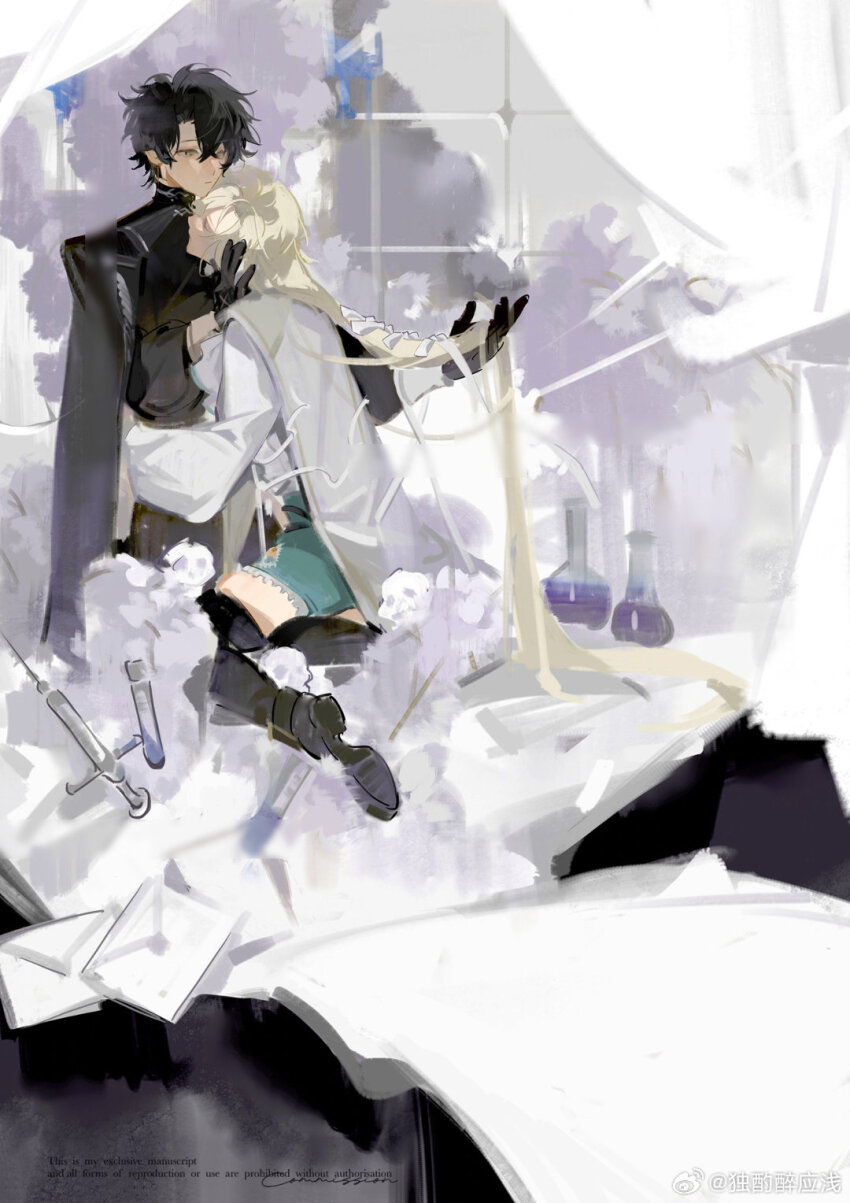 2boys black_cape black_footwear black_gloves black_hair black_jacket blonde_hair boots cape closed_eyes closed_mouth commission cotton_swab curtained_hair curtains duzhuo_zui_ying_qian expressionless flask flower full_body gloves green_shorts hair_between_eyes hair_ribbon hand_on_another&#039;s_face hei_(ying_qian) highres holding_another&#039;s_hair hug indoors jacket letter long_hair long_sleeves multiple_boys muntins original purple_flower ribbon round-bottom_flask shirt shoe_soles short_hair shorts sitting syringe thigh_boots watermark weibo_watermark white_cape white_ribbon white_shirt window yaoi yellow_eyes yin_(ying_qian) yokozuwari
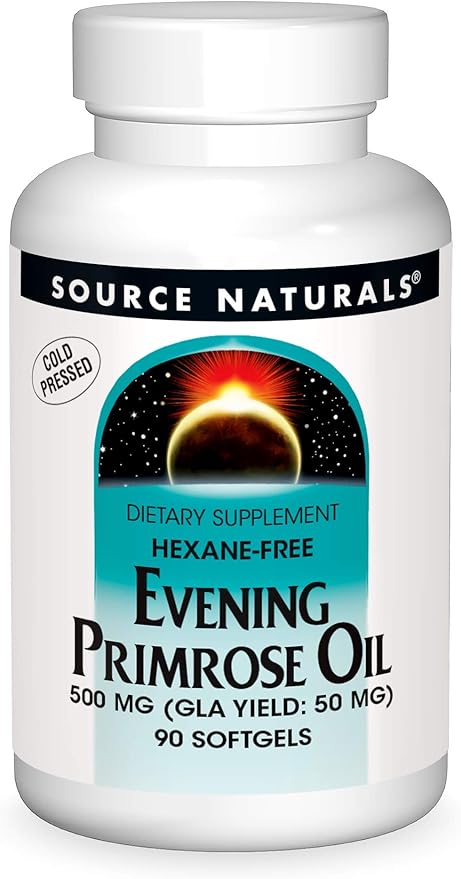 Source Naturals Evening Primrose Oil - Hexane-Free - 500mg - GLA Yield: 50 mg - Cold-Pressed - 90 Softgels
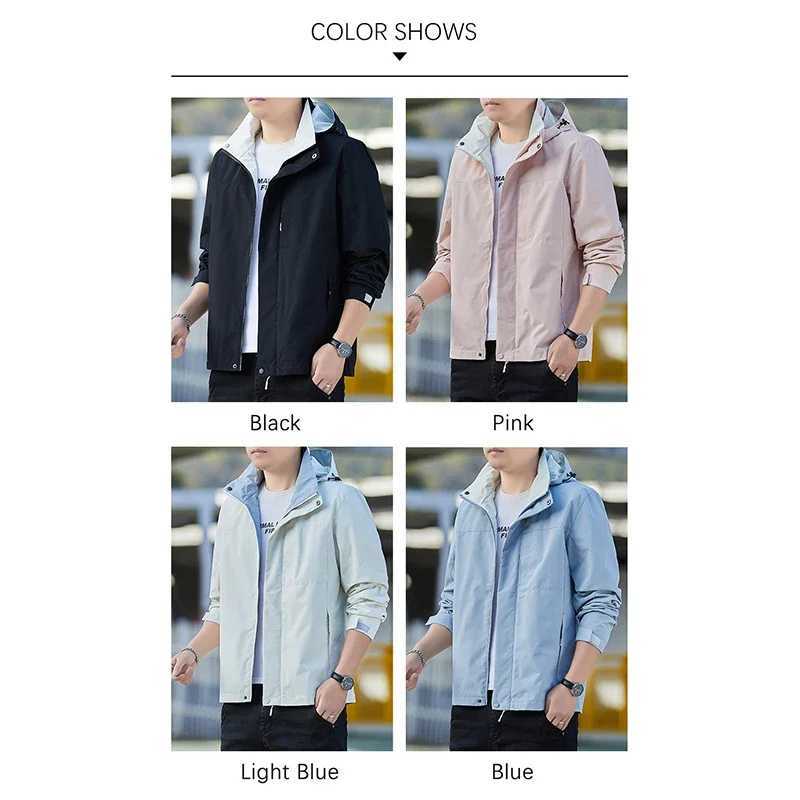 BROWON Brand Spring and Autumn New Jacket Mens 2024 Solid Color Hoodie Coat Zipper Fly Outerwear Hiking Running Mans Jacket Y240906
● ● ● ● ● ● ●
▶ [Required work]
Only the lines from the top of the material above down to the line bearing "Source Naturals Evening", that line included, should be set down exactly; no pictures.

▶ [Result of the exercise]
 2boys black_cape black_footwear black_gloves black_hair black_jacket blonde_hair boots cape closed_eyes closed_mouth commission cotton_swab curtained_hair curtains duzhuo_zui_ying_qian expressionless flask flower full_body gloves green_shorts hair_between_eyes hair_ribbon hand_on_another&#039;s_face hei_(ying_qian) highres holding_another&#039;s_hair hug indoors jacket letter long_hair long_sleeves multiple_boys muntins original purple_flower ribbon round-bottom_flask shirt shoe_soles short_hair shorts sitting syringe thigh_boots watermark weibo_watermark white_cape white_ribbon white_shirt window yaoi yellow_eyes yin_(ying_qian) yokozuwari
 Source Naturals Evening Primrose Oil - Hexane-Free - 500mg - GLA Yield: 50 mg - Cold-Pressed - 90 Softgels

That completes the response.